▸ **ACTIVITY**
Once the line holding "Bmw Genuine Exhaust" is found in the entries below, restate it and each line after it word for word, with no pictures.

Short web captions:
>>>

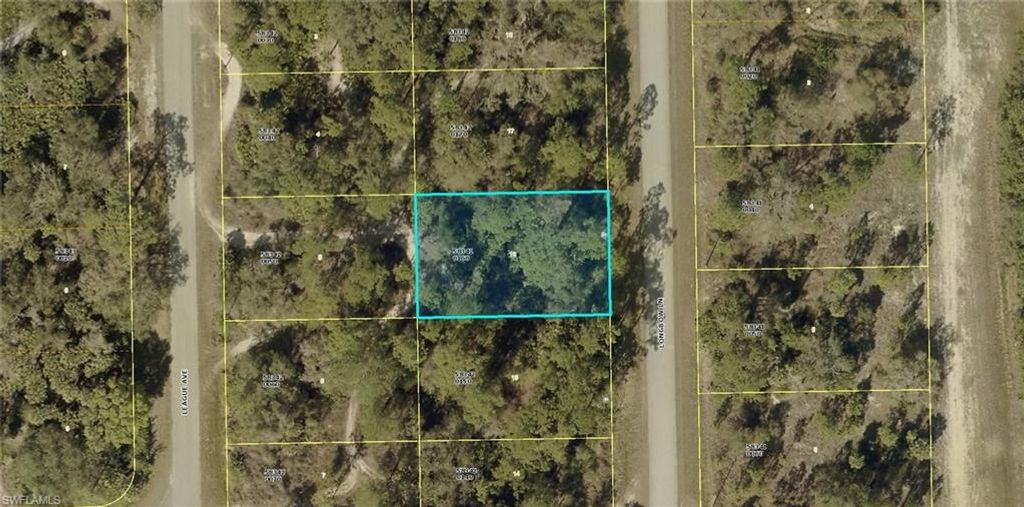 740 Longbow LN, LEHIGH ACRES, FL 33972 — photo 3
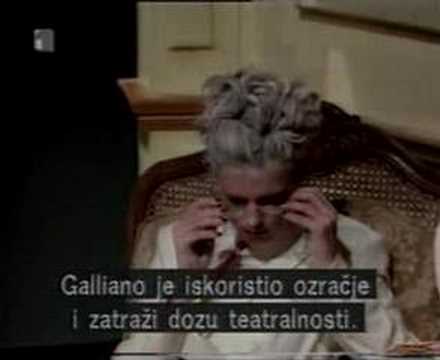 Christian Dior SS 1997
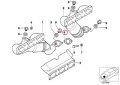 Bmw Genuine Exhaust Gasket Catalytic To Muffler Manifold Converter E39 E4 528i 3ci 323i 328ci 328i Z3 2 5 2 8
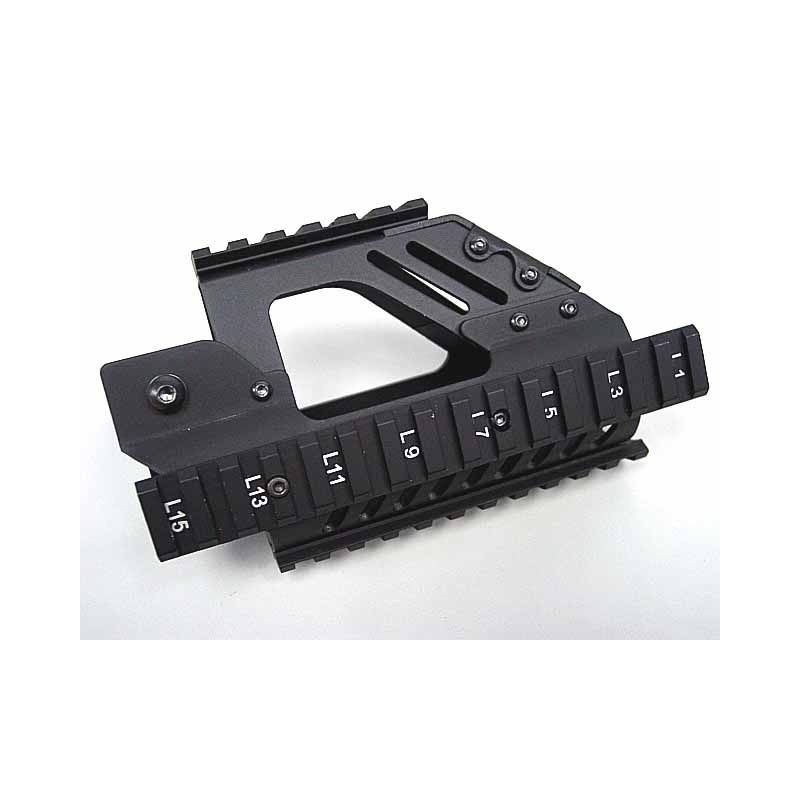 LOW COST- P90 Rail Hand Guard
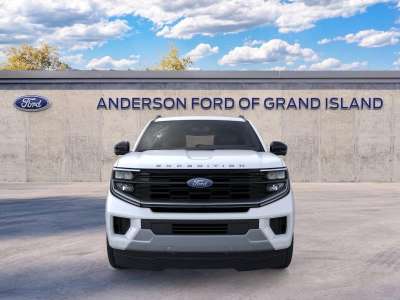 New 2026 Ford Expedition Platinum SUV/Crossover for sale in Grand Island NE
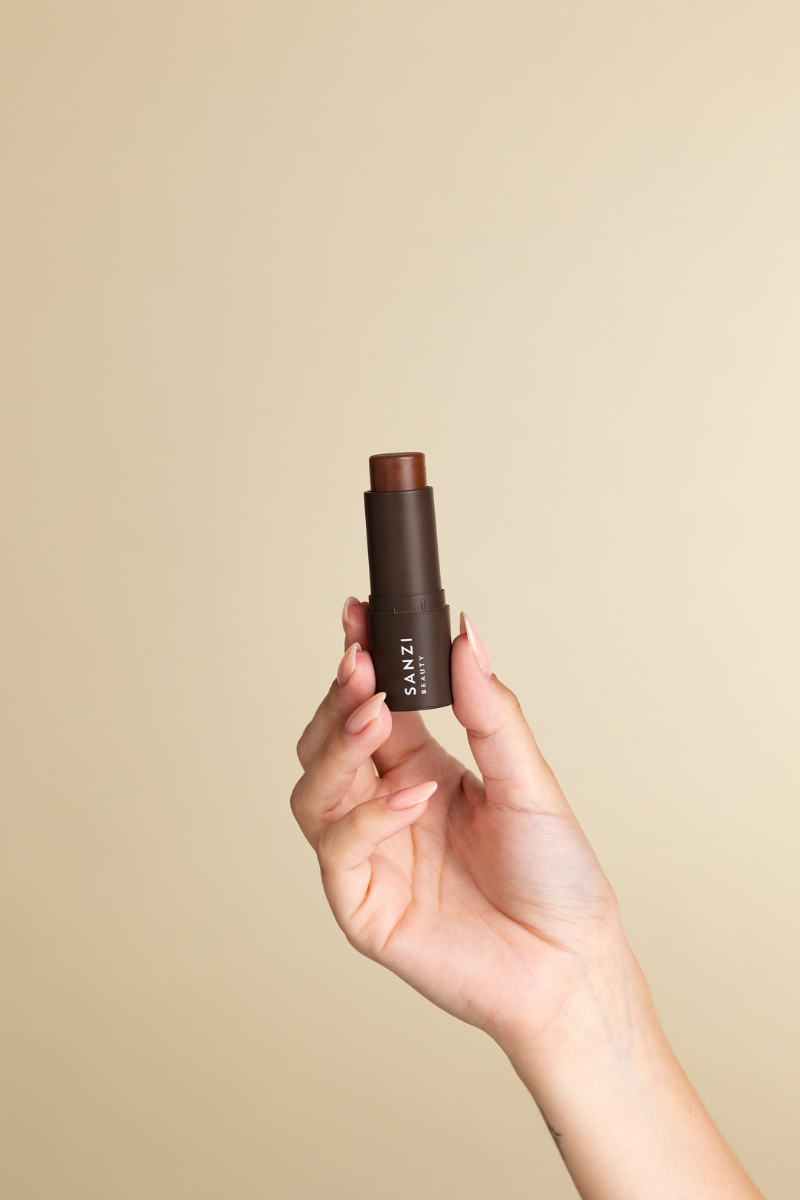 Sanzi Beauty Multi Stick Bronzer - 06 COCOA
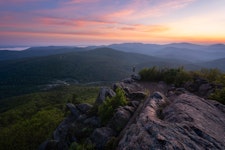 Virginia Shenandoah National Park Women\'s Hiking - Lodge Based Tour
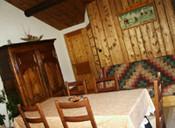 Ski verhuur Appartement 2 kamers 5 personen (571972) - Au Centre du Village - Arêches-Beaufort - Woonkamer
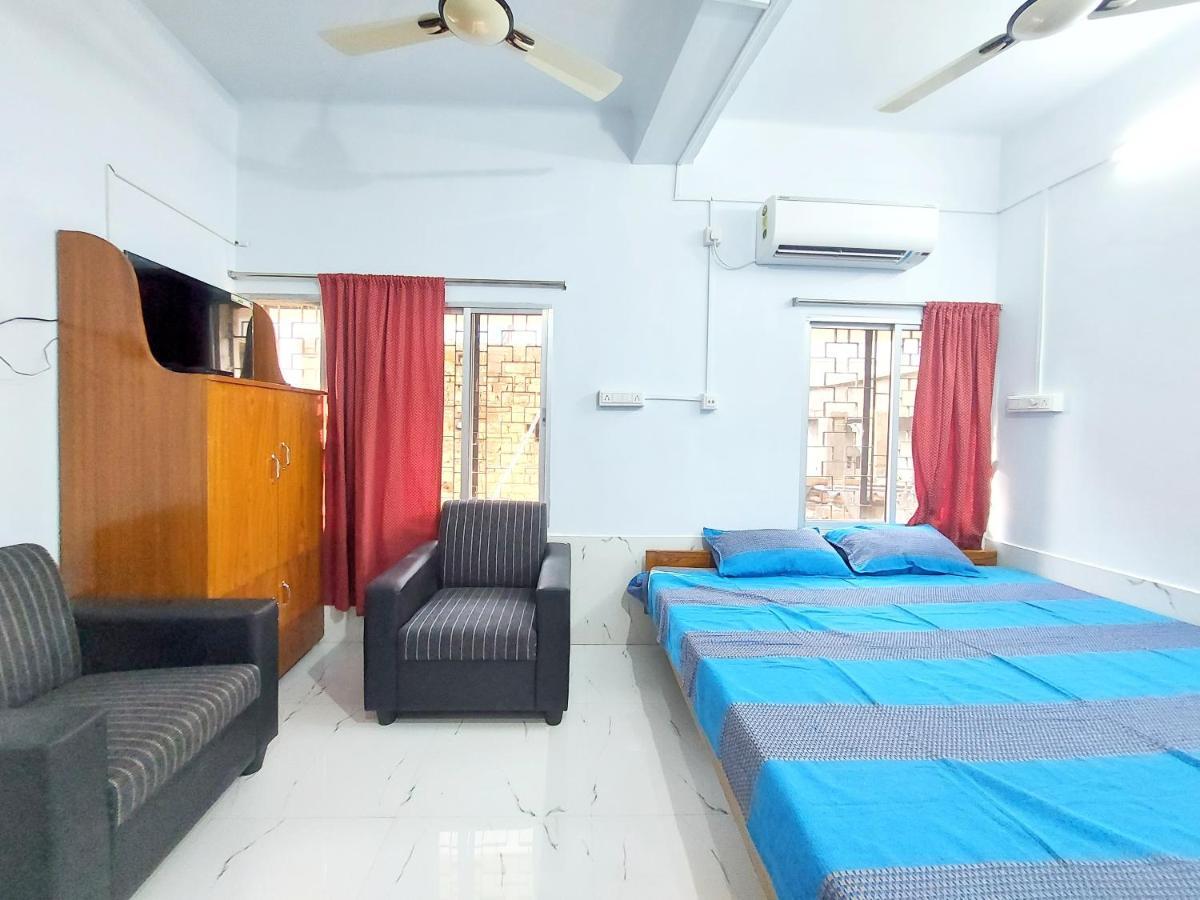 Chaiti Lodge - Santiniketan Bolpur Exterior photo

<<<

▸ **ANSWER SECTION**
 Bmw Genuine Exhaust Gasket Catalytic To Muffler Manifold Converter E39 E4 528i 3ci 323i 328ci 328i Z3 2 5 2 8
 LOW COST- P90 Rail Hand Guard
 New 2026 Ford Expedition Platinum SUV/Crossover for sale in Grand Island NE
 Sanzi Beauty Multi Stick Bronzer - 06 COCOA
 Virginia Shenandoah National Park Women\'s Hiking - Lodge Based Tour
 Ski verhuur Appartement 2 kamers 5 personen (571972) - Au Centre du Village - Arêches-Beaufort - Woonkamer
 Chaiti Lodge - Santiniketan Bolpur Exterior photo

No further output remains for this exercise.